··· RECORDS SHOWN ···
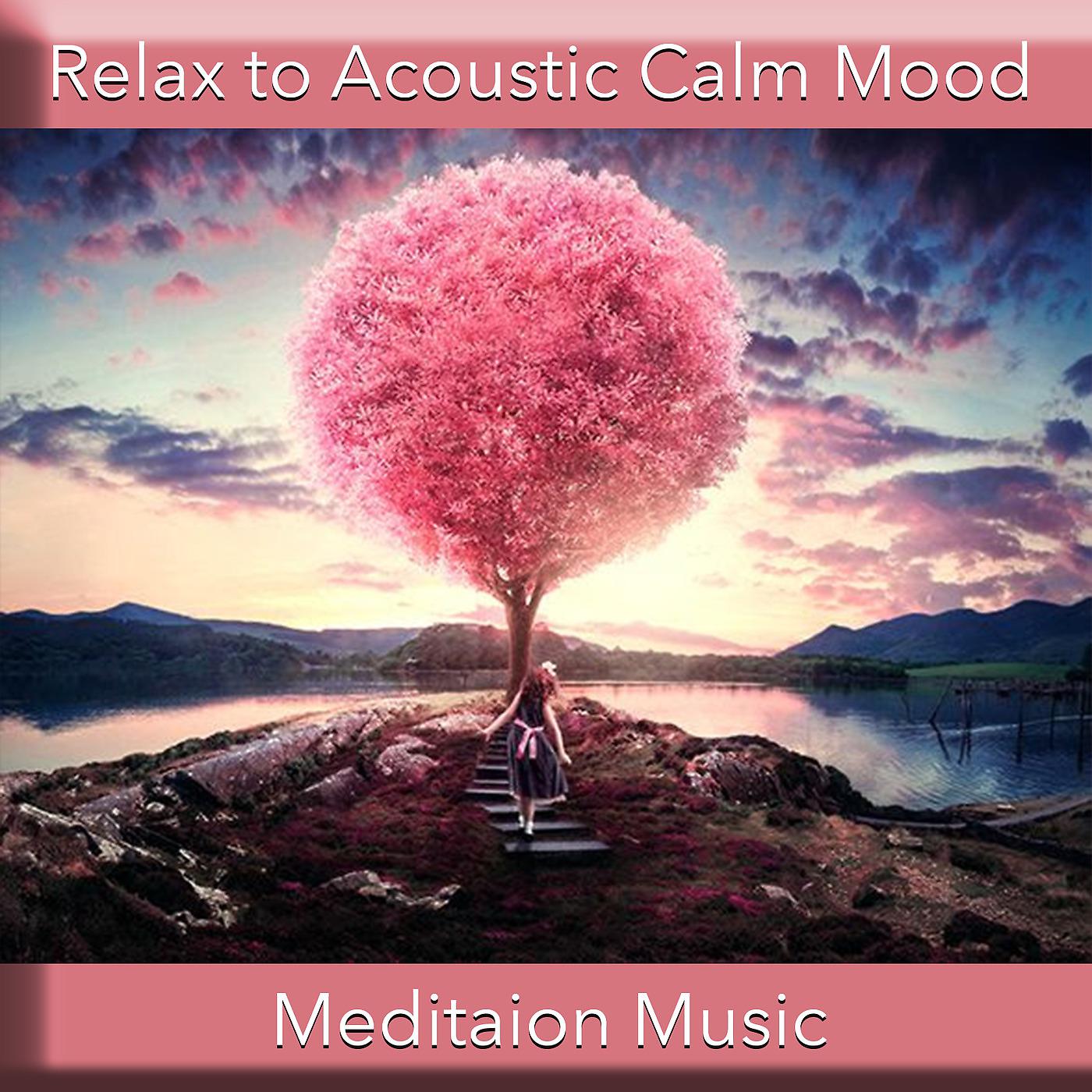 Постер альбома Relax to Acoustic Calm Mood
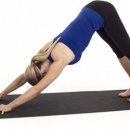 도그리치 이미지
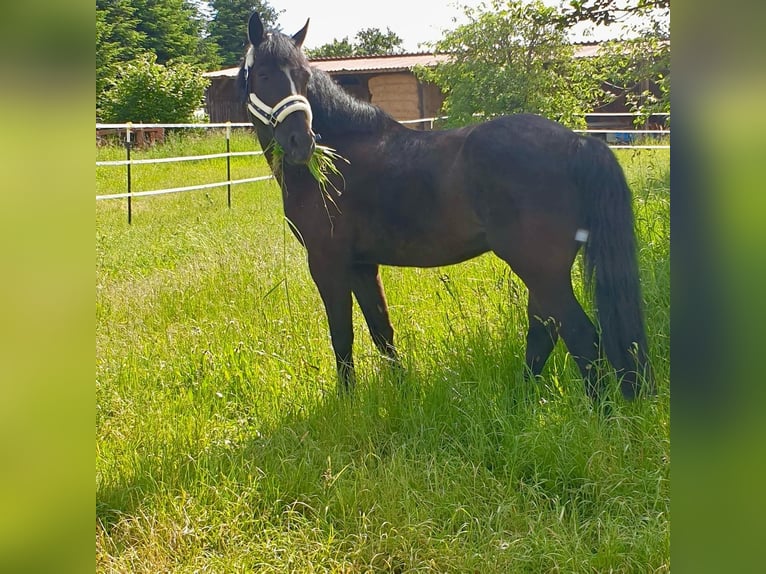 Poni alemán Mestizo Caballo castrado 8 años 153 cm Negro in Gerolfingen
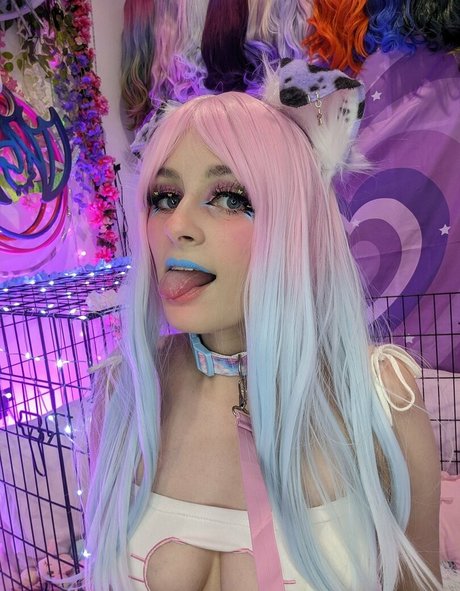 Puppiiemilk Profilbild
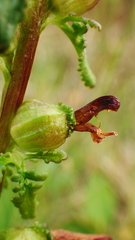 Pedicularis parviflora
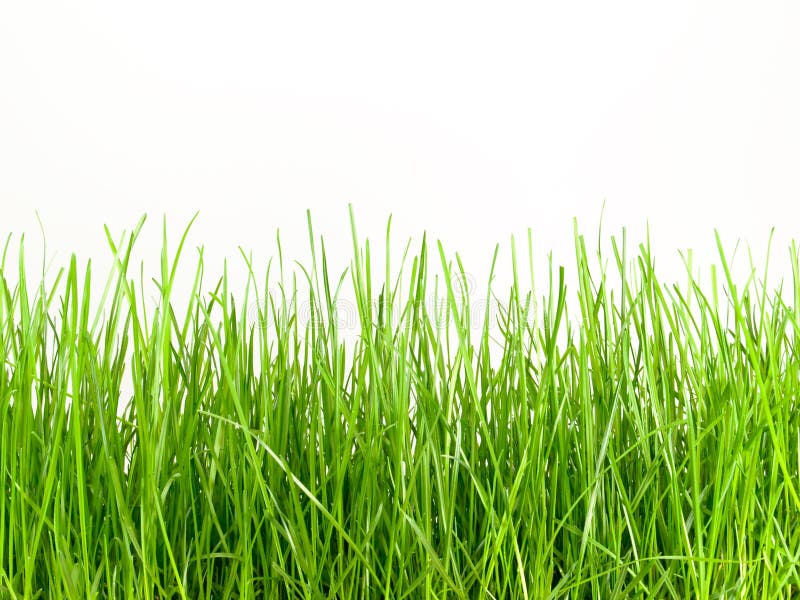 Relva imagem de stock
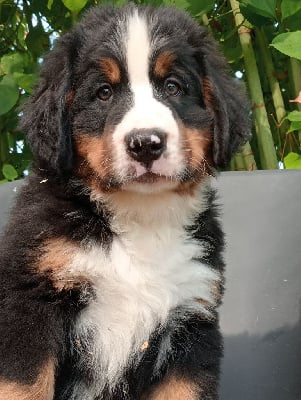 Les chiots de Bouvier Bernois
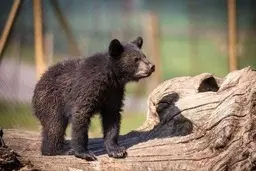 سرنوشت توله خرس گمشده پارک پردیسان تهران چه شد؟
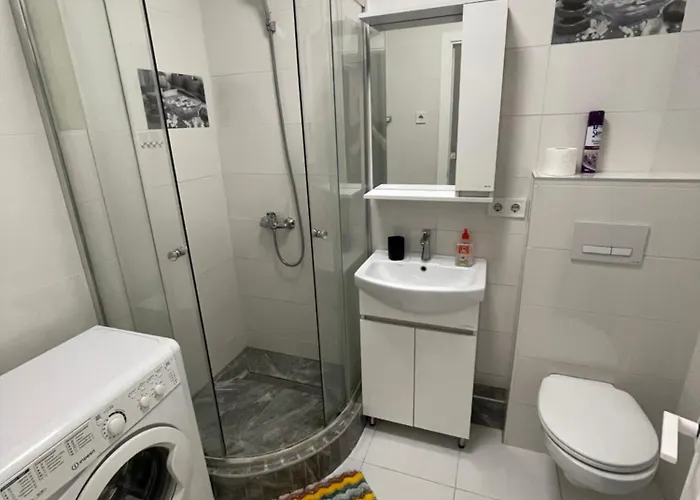 малинки черемушки парк горького アパート *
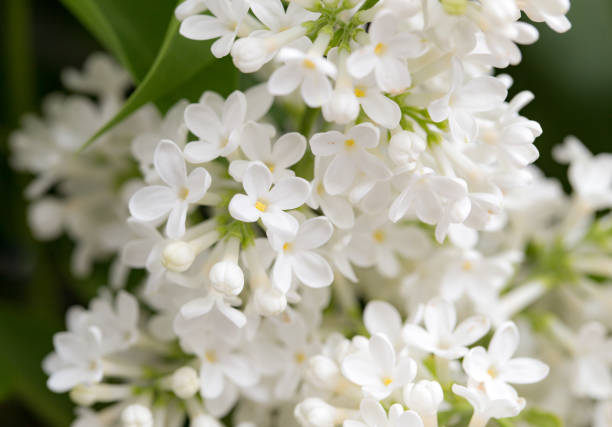 istock White flowers of lilac on nature 691218808
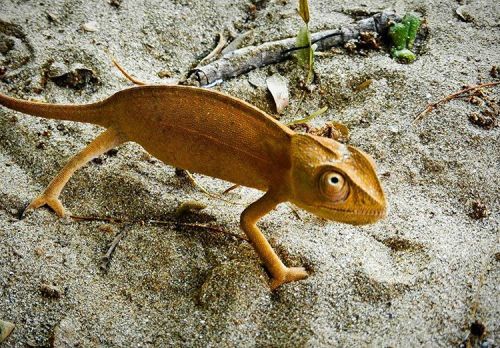 The Madagascar Chamaleon This little guy was found on our canoe trip when we were sailing down a riv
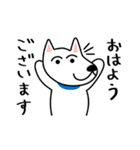 白い犬、ふく太郎の日常（個別スタンプ：1）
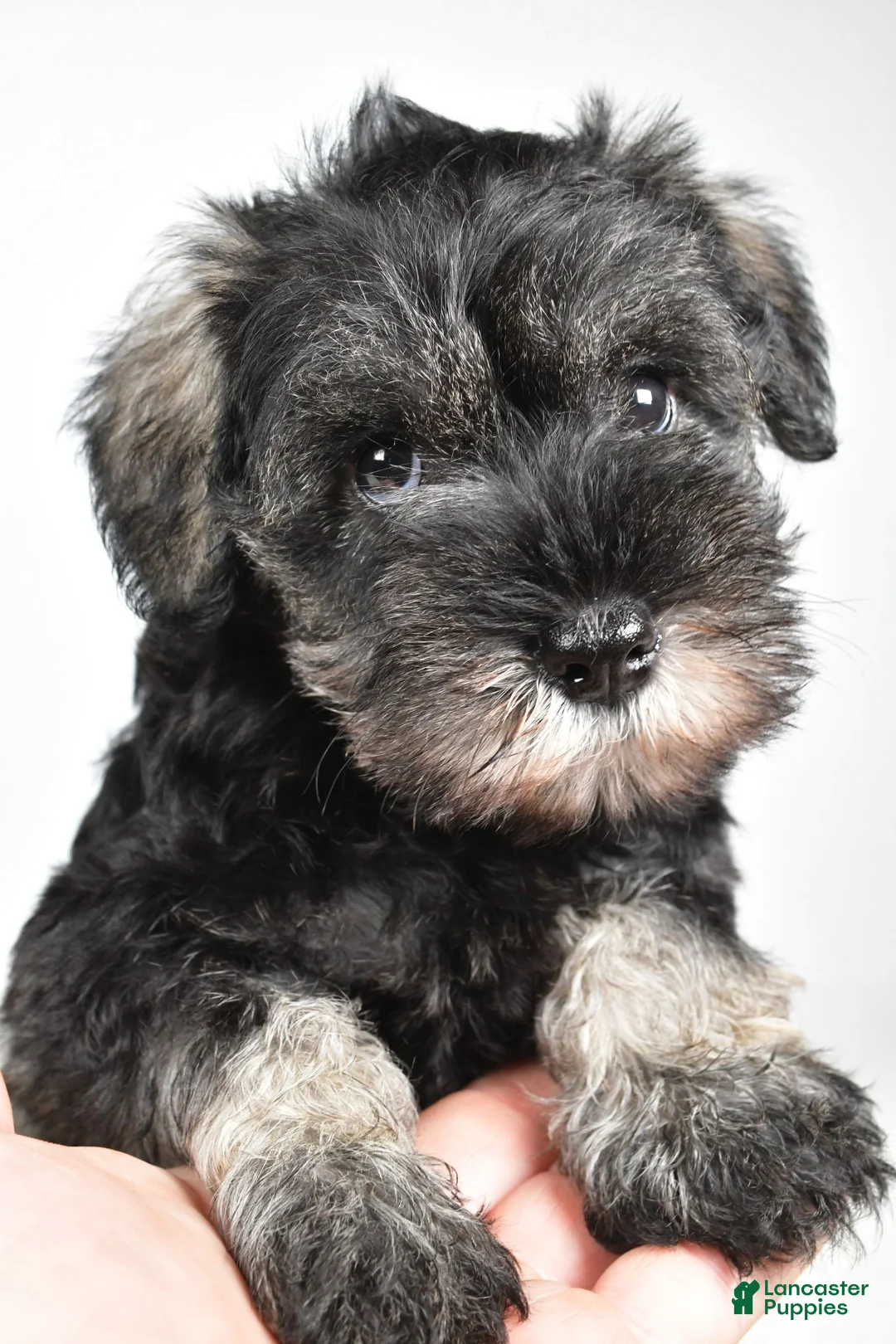 Miniature Schnauzer dogs for sale: Macy - Ad 2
···
Your task is to transcribe, exactly and without additions, every line from the one that contains "Pedicularis parviflora" to the end of the entries above, both included. Omit all pictures.

SOLUTION FOR THIS EXERCISE:
 Pedicularis parviflora
 Relva imagem de stock
 Les chiots de Bouvier Bernois
 سرنوشت توله خرس گمشده پارک پردیسان تهران چه شد؟
 малинки черемушки парк горького アパート *
 istock White flowers of lilac on nature 691218808
 The Madagascar Chamaleon This little guy was found on our canoe trip when we were sailing down a riv
 白い犬、ふく太郎の日常（個別スタンプ：1）
 Miniature Schnauzer dogs for sale: Macy - Ad 2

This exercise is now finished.